You could look in the windows, and see the red-checked tablecloths on tables set for the next day: upside-down water glasses, salt and pepper shakers, paper placemats, cutlery in its proper place, ashtrays. Behind the counter, everything looked ready to go the next day: the toaster, and the coffee machine complete with pots, and so on. There was a Kellogg’s rack with small boxes of cereal. Signs on the walls inside advertised the diner’s offerings: “Best Coffee in Town, 10c,” “Apple Pie, 35c.” These made us laugh, as the years went by and prices for such things increased.
Every summer, we kids would pass by and look in the windows. It never changed, except that the red-checked tablecloths on tables near the window gradually faded from the sunshine coming in through the windows, to the point where they had tablecloths that were white with faint pink.
I grew up in the UK Midlands and there was a spooky old shop in the nearby town of Wednesbury.
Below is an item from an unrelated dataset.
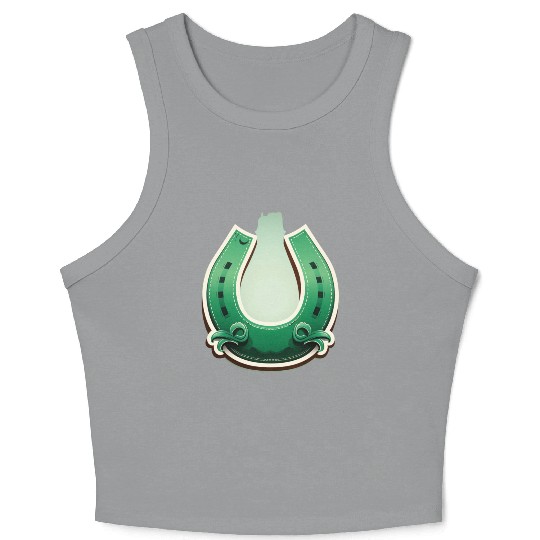 A horseshoe for good luck T--Crop Tank Top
It was a bike/auto electrical shop that must have closed in the 1960’s, but was still there until the 90’s. The nearby road layout had been changed at least twice and this little shop ended up on an isolated traffic island.
The prices in the window were all in pre decimal units. Looking through the dusty windows you could see boxes and boxes of stock. And on the counter there were two coffee mugs with a plate of biscuits. It looked like the owner had just popped out on an errand and would be back soon.
But the spooky thing was how much it was ignored. The roads and the nearby bus station had been redeveloped twice and they just worked around it. Nobody ever broke in and stole any of the stock, maybe because it was mainly Lucas!
I can find very little mention of it on the internet and friends from the area need a little prompting before they remember it. It’s very odd!
I’m guessing the owner died suddenly and the deed to the land got tied up in some sort of legal dispute. Or there’s a perception filter on it and the town planners just couldn’t see it.
A few years ago I was walking around an abandoned Red Star Yeast factory that a friend of mine had bought and was taking down.
Everything in there (that he hadn’t removed) made it look like they left one day and never came back. You could tell what day the factory closed just by looking at calendars in the offices. IIRC, one of the little office type rooms on the factory floor even had Christmas decorations up and the place had been closed for a few years at this point.
For those of you in Milwaukee, even though there are/were breweries in that area, Red Star is what made the Marquette interchange smell like yeast when you headed up 94W.
Reminder folks: Giving a Google image search link like this does not work for everybody! I just get a search page with a lot of variations on a “spanish” kitchen. Which one is the intended one is difficult to impossible.
Always, I repeat, always, give a direct link to the intended picture or at least the original page it appears on if there is no ambiguity as to which picture(s) you are referring to.